:: What the exercise asks ::
Exactly the lines from the one containing "Room 26 of 32" through the one containing "kideia papavasileiou" in the listing below are to be copied, with the pictures left out.
====== Task material
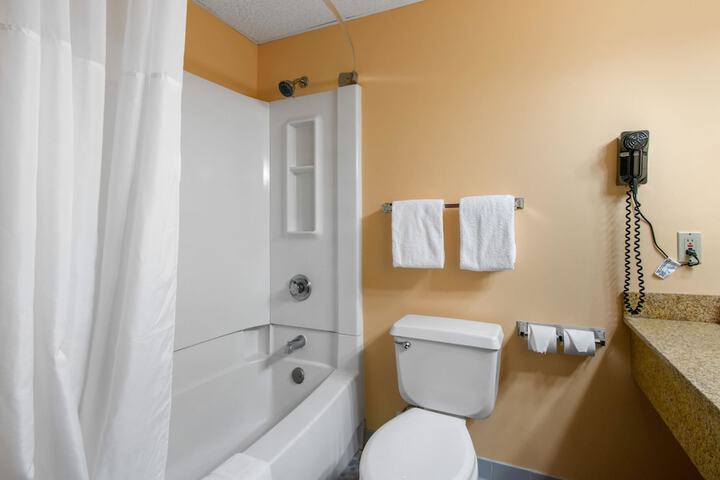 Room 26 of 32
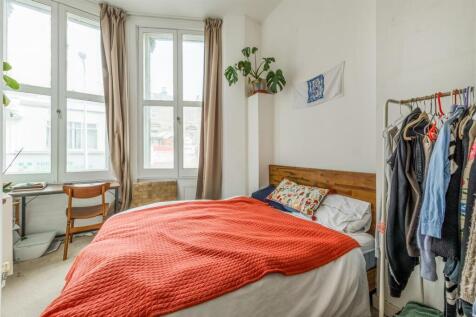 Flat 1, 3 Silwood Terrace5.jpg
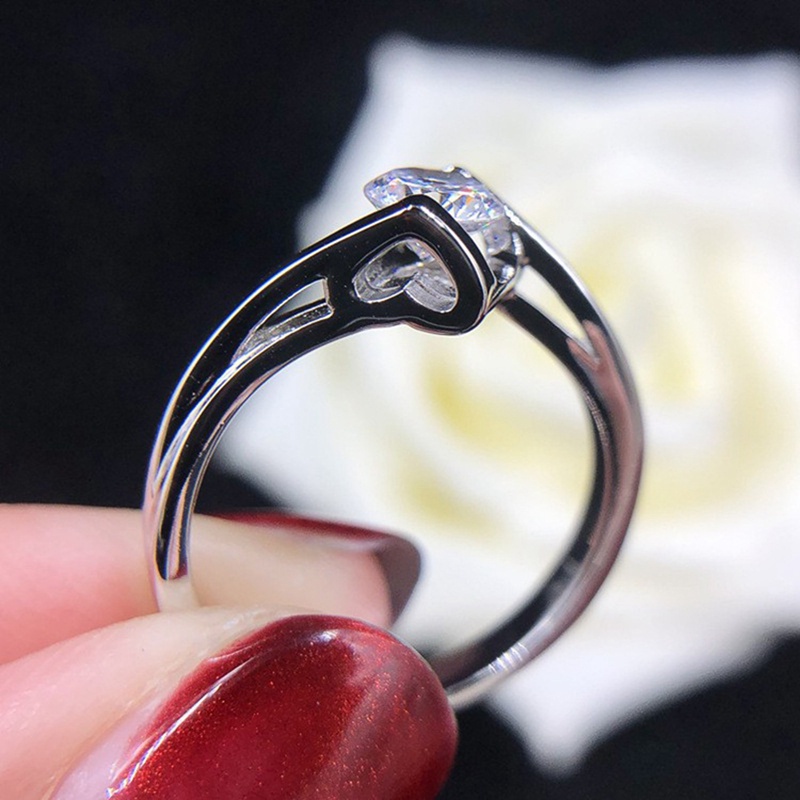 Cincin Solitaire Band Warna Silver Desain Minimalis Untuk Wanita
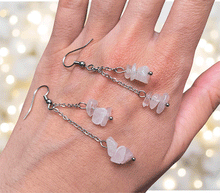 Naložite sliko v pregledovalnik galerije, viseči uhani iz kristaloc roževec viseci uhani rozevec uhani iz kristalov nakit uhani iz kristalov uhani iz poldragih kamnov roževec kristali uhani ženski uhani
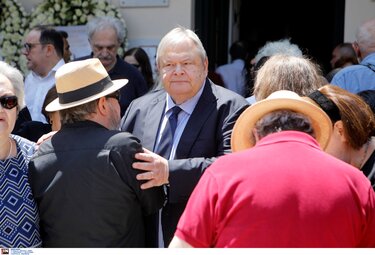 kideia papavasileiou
============
====== Task material
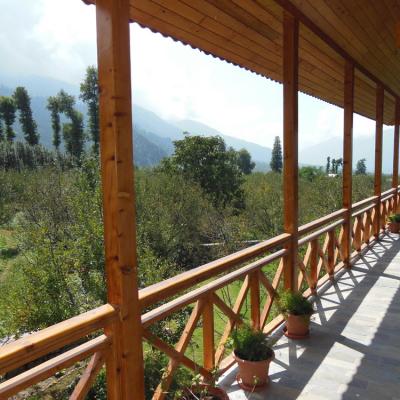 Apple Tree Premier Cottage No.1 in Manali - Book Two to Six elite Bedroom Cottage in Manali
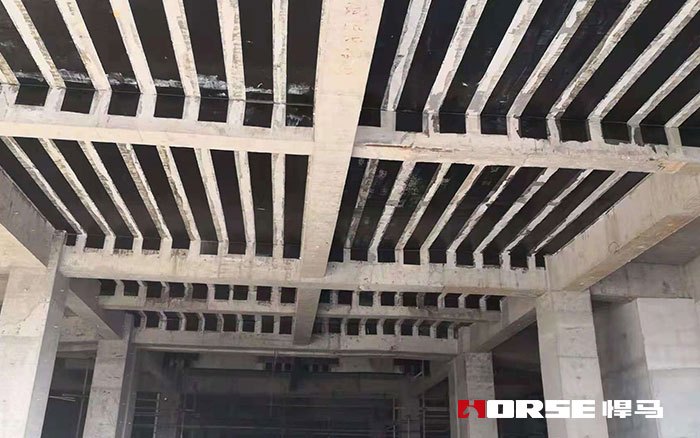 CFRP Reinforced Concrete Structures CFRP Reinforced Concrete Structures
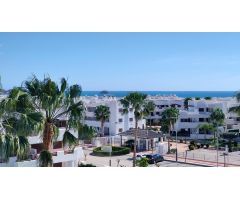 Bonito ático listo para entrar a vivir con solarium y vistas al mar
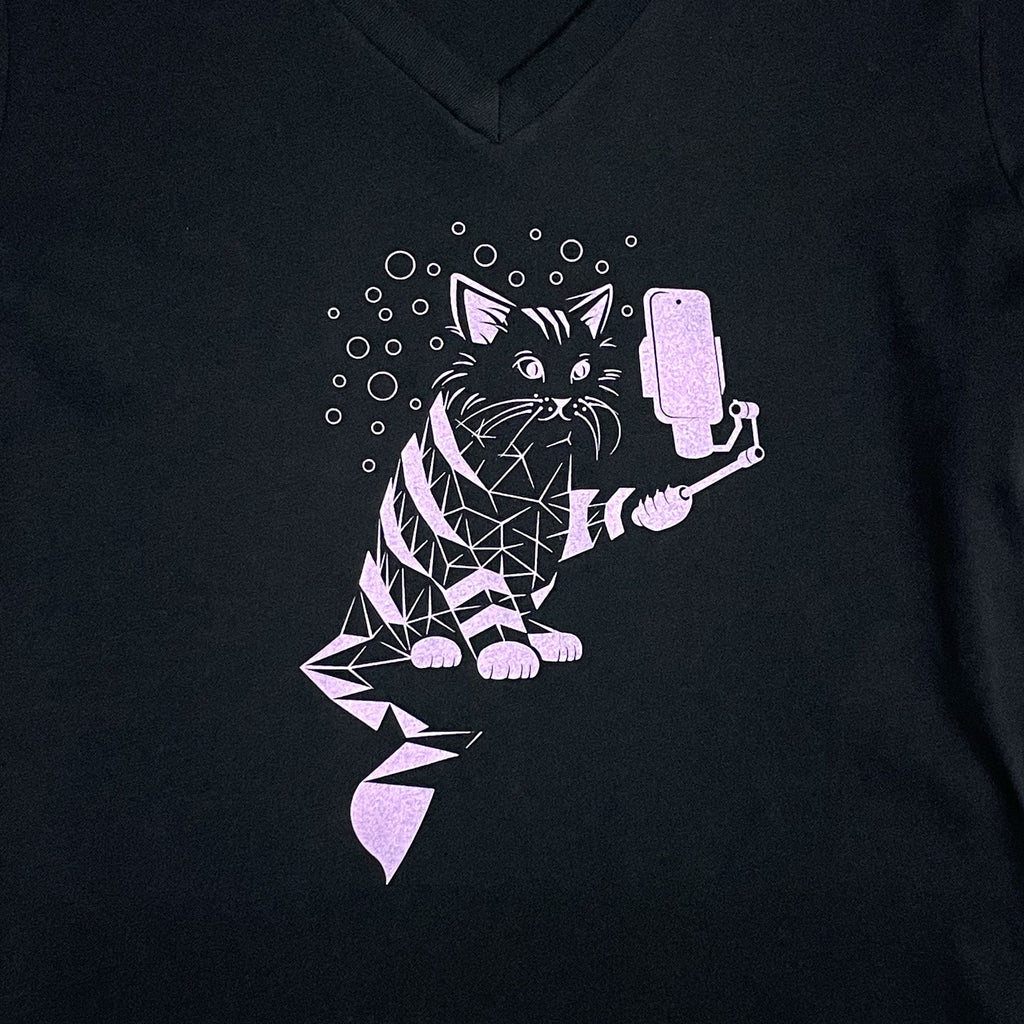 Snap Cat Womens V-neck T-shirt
============
====== Task material
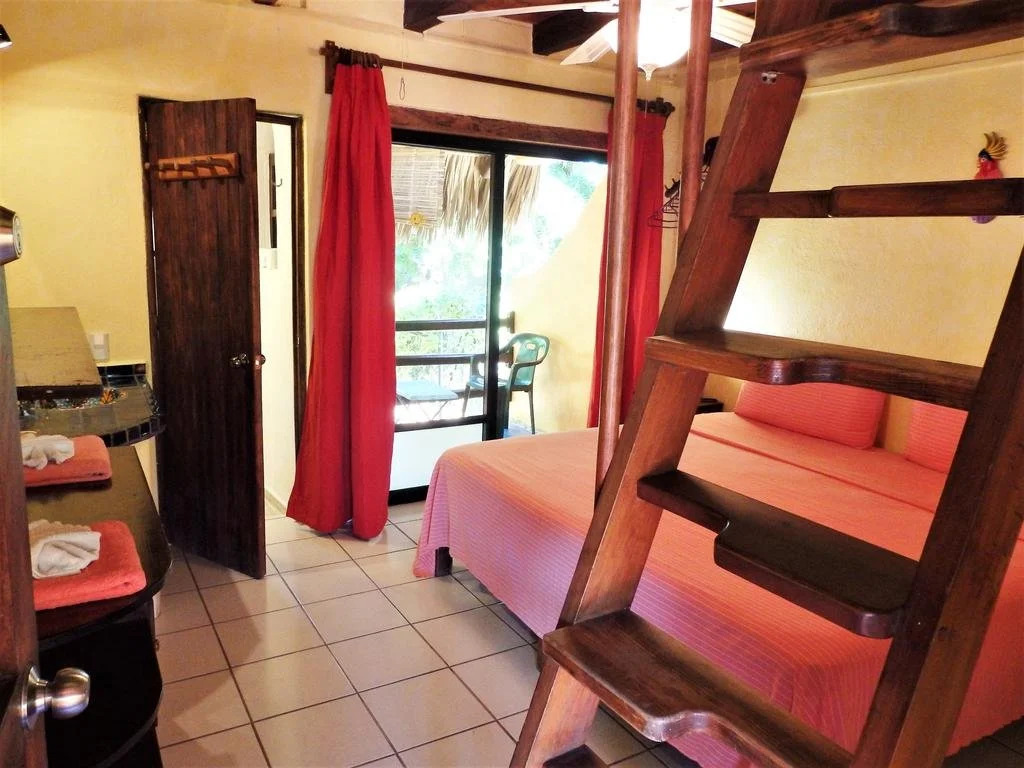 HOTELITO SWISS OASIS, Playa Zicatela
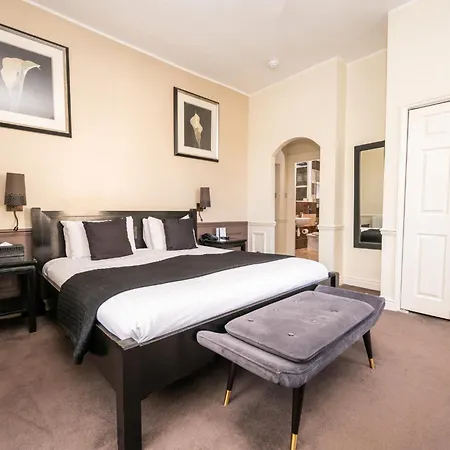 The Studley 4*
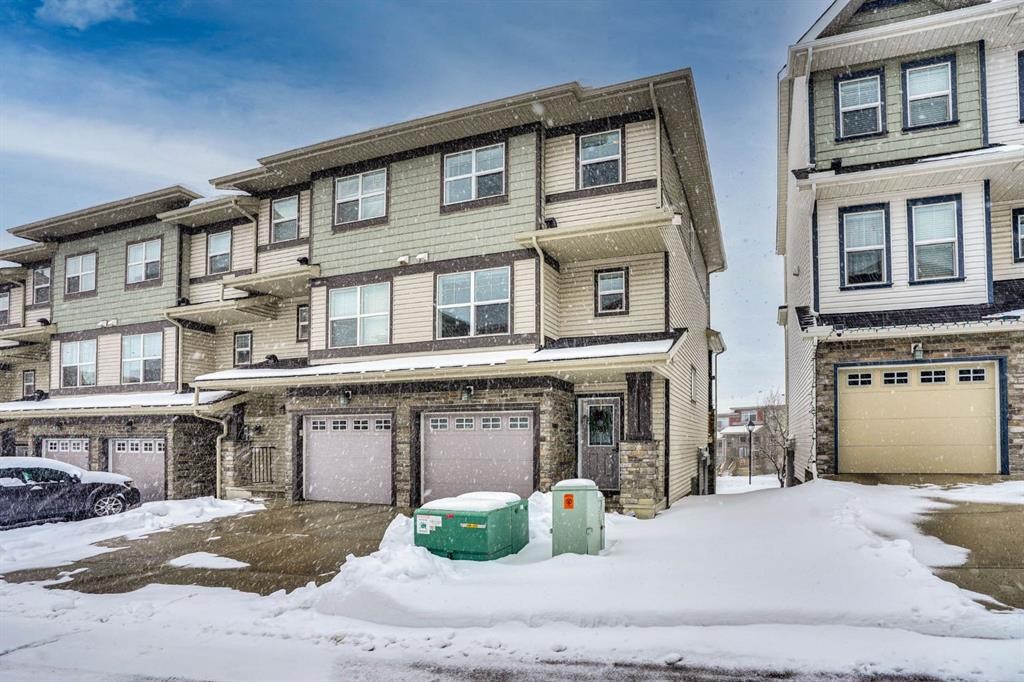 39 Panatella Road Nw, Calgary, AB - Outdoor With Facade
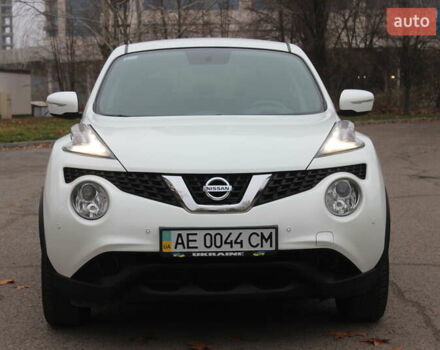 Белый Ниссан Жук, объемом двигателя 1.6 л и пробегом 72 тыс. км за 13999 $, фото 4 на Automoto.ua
============
:: Your solution ::
 Room 26 of 32
 Flat 1, 3 Silwood Terrace5.jpg
 Cincin Solitaire Band Warna Silver Desain Minimalis Untuk Wanita
 Naložite sliko v pregledovalnik galerije, viseči uhani iz kristaloc roževec viseci uhani rozevec uhani iz kristalov nakit uhani iz kristalov uhani iz poldragih kamnov roževec kristali uhani ženski uhani
 kideia papavasileiou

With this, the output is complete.